Weitz was born in Burmel, Volhynia in 1890. In 1908, he immigrated to Palestine with his sister, Miriam, and found employment as a watchman and an agricultural laborer in Rehovot. In 1911, he was one of the organizers of the Union of Agricultural Laborers in Eretz Yisrael. [1]. Weitz married Ruhama and their eldest son, Ra'anan, was born in 1913. Two years later, in 1915, he was appointed foreman of the Sejera training farm (now Ilaniya) in the Lower Galilee. Weitz helped to found Yavniel, one of the first pioneer colonies in the Galilee, and later, the Beit Hakerem neighborhood in Jerusalem. Another son, Yehiam (Hebrew for "Long Live the Nation") was born in October 1918. Yehiam joined the Haganah and was killed in a Palmach operation on June 16, 1946. Kibbutz Yehiam was established in his memory. [2]
As head of the JNF Forestry Department, Weitz put his visions of Israel as a forested country into practice.[3]He was spurred on by David Ben-Gurion, who told Weitz he wanted a billion trees planted within a decade. [4]In 1949, he proposed a division of labor between the Israeli government and the JNF. The government would engage in applied research in planting techniques, especially in arid areas, and the development of a timber industry. It would also establish nurseries. The JNF would improve indigenous forests, work in afforestation of hilly regions, stop the encroachment of sand dunes and plant windbreakers. [5] Weitz saw plant nurseries and afforestation as a vital source of employment for new immigrants arriving in the early days of the state. He was guided by the belief that developing a work ethic was imperative for acculturation.[6]

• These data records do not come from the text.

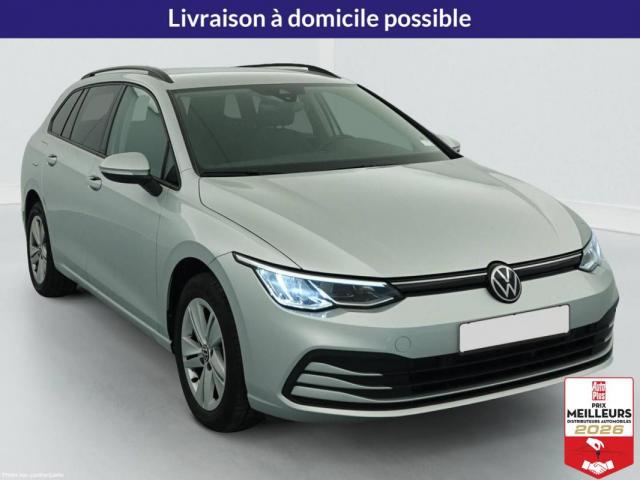 Volkswagen Golf Sw image 1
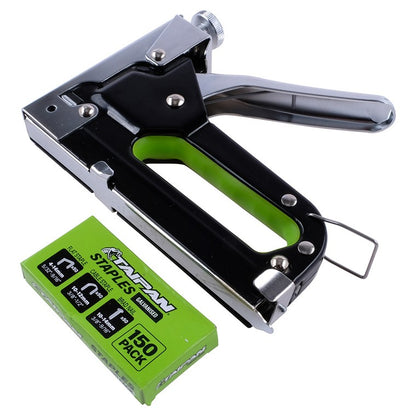 Taipan Staple Gun, 3 in 1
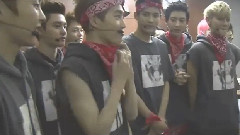 EXO,EXO-M,EXO-K - MBC News EXO Cut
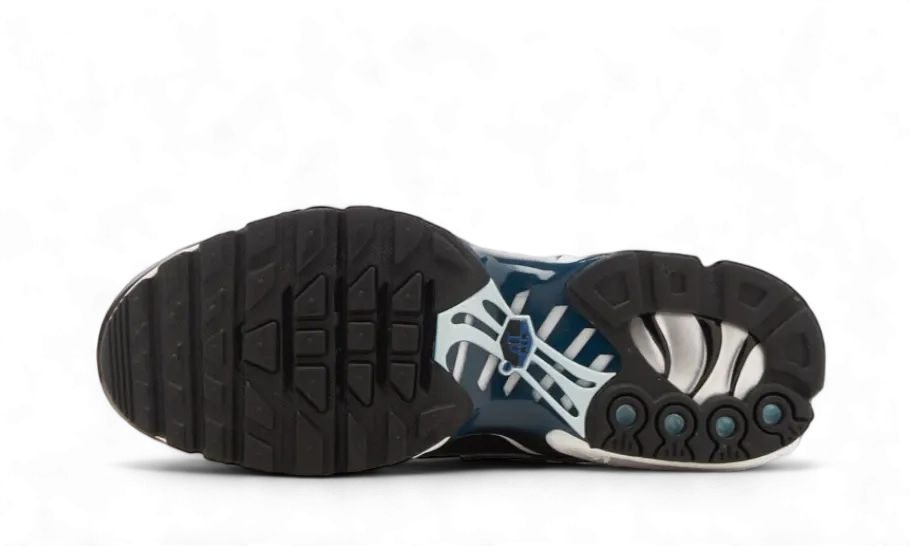 Air Max Plus Teal White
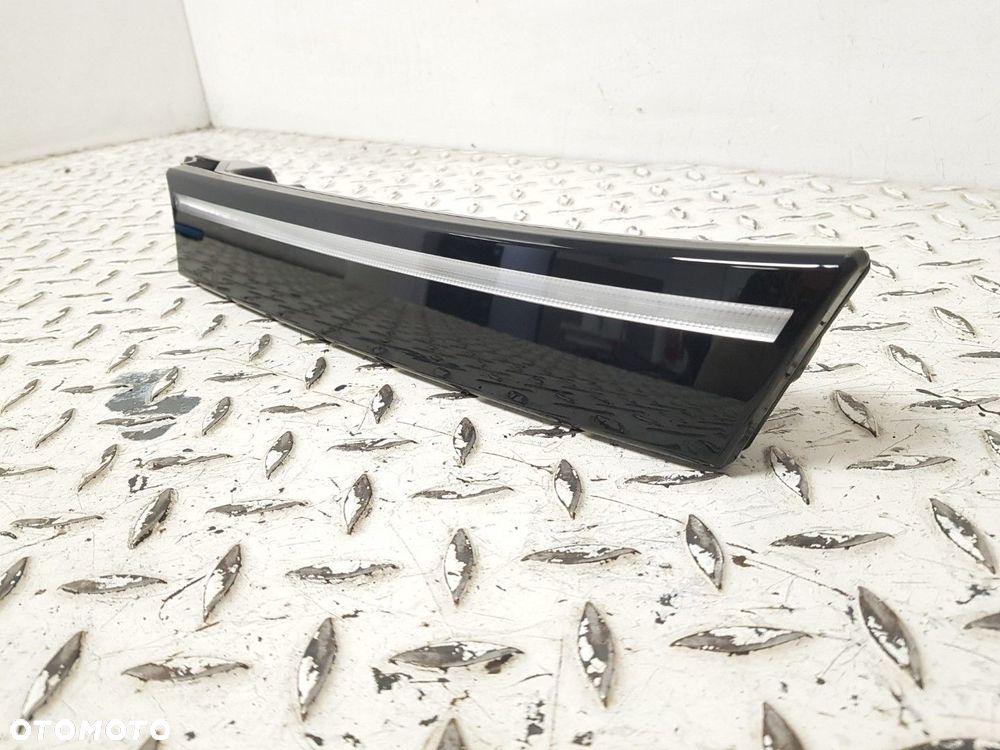 ŁADNA ORYGINALNA LAMPA LED DRL LEWA PRZEDNIA ATRAPA VW ID.4 ID4 11A 11A941653A - 5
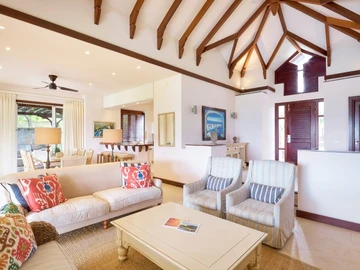 4 Bedroom Villa
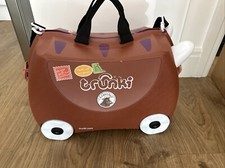 Limited Edition Gruffalo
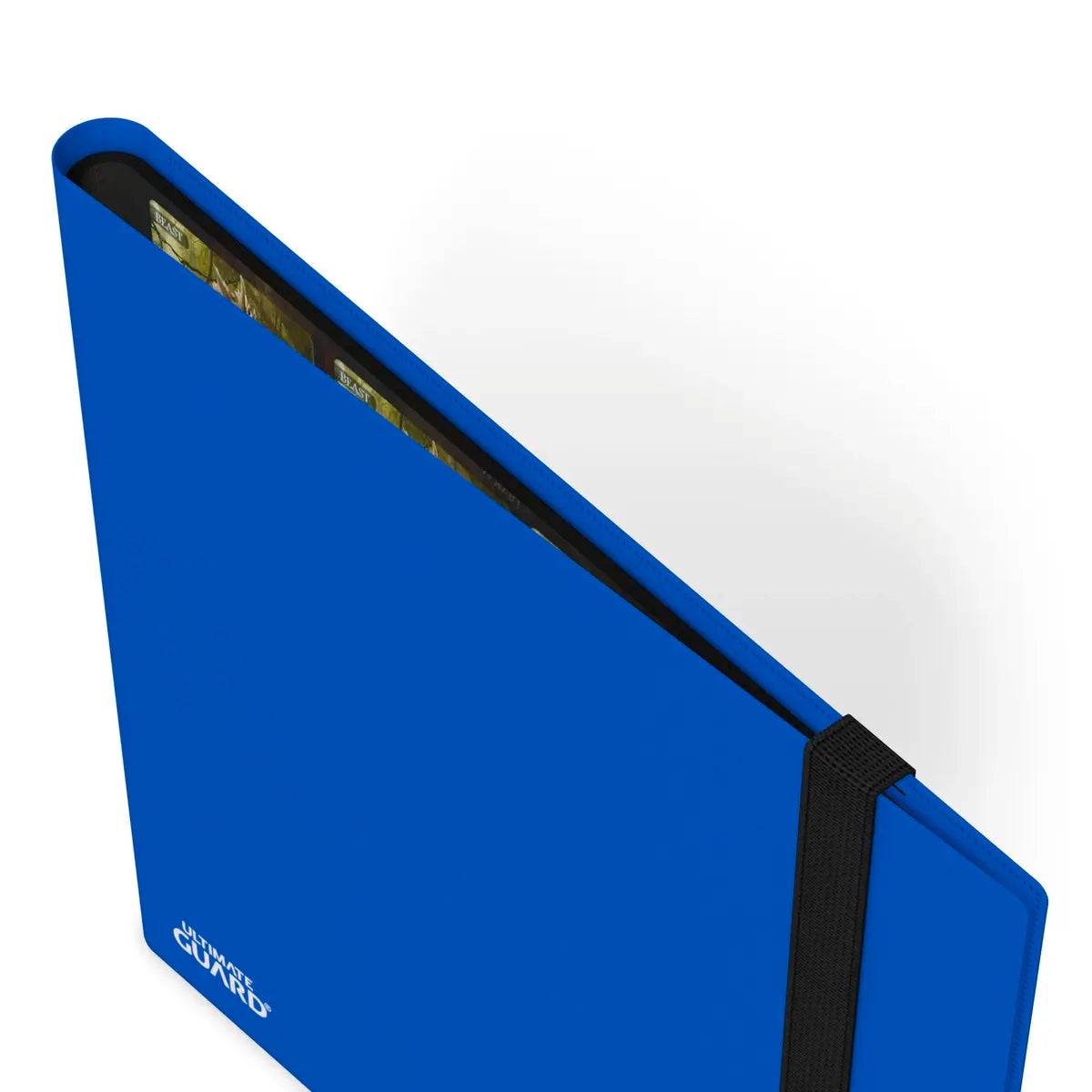 Ultimate Guard – Flexxfolio 480 24-Pocket (Blue) – Raccoglitore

In 1966, Yatir Forest in the Negevwas planted at Weitz's urging. He described the project as "rolling back the desert with trees, creating a security zone for the people of Israel." [7]Named for the biblical town of Yatir, it is now Israel's largest forest.[8]
Weitz was an advocate of population transfer. On June 22, 1941 he wrote in his diary: "The land of Israel is not small at all, if only the Arabs will be removed, and if its frontiers would be enlarged a little; to the north all the way to Litani, and to the east including the Golan Heights. ... while the Arabs be transferred to northern Syria and Iraq. ... From now on we must work out a secret plan based on the removal of the Arabs from here ... to include it into American political circles. ... today we have no other alternative... We will not live here with Arabs."[9]

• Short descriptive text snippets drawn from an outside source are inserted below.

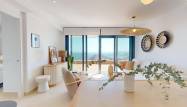 Obra nueva - Penthouse - Aguilas - Isla Del Fraile
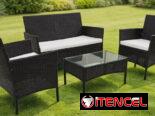Juegos de terraza
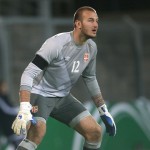 Vanja Milinkovic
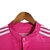 Imagem do Camisa Real Madrid II Retrô 2014/2015 Adidas - Rosa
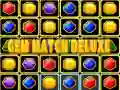 Игра Съчетание от Камъни Deluxe онлайн Игра Съчетание от Камъни Deluxe онлайн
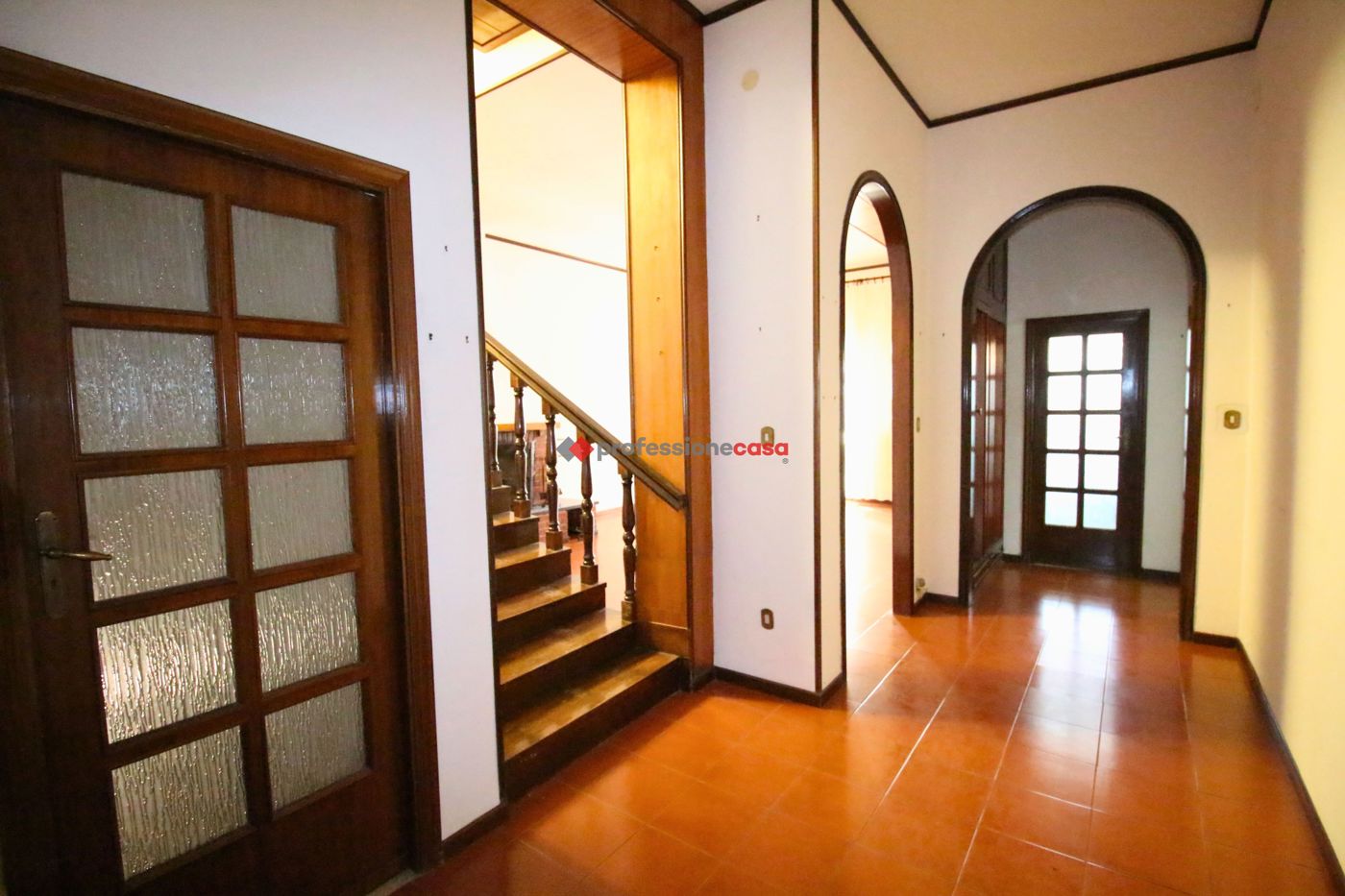 Villa da ristrutturare a Foggia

According to Ilan Pappe, passages in Weitz's diary in April 1948 show his support for the transfer of Arabs during the 1948 war[10]": "I have drawn up a list of Arab villages which in my opinion must be cleared out in order to complete Jewish regions. I have also drawn up a list of land disputes that must be settled by military means." [11] According to Efraim Karsh, Ben-Gurion rejected the idea, and no such committee was ever established. [12]Nevertheless, Nur Masalha[13] and Benny Morris[14] claim an unofficial Transfer Committee was established in May 1948 composed of Weitz, Danin and Sasson.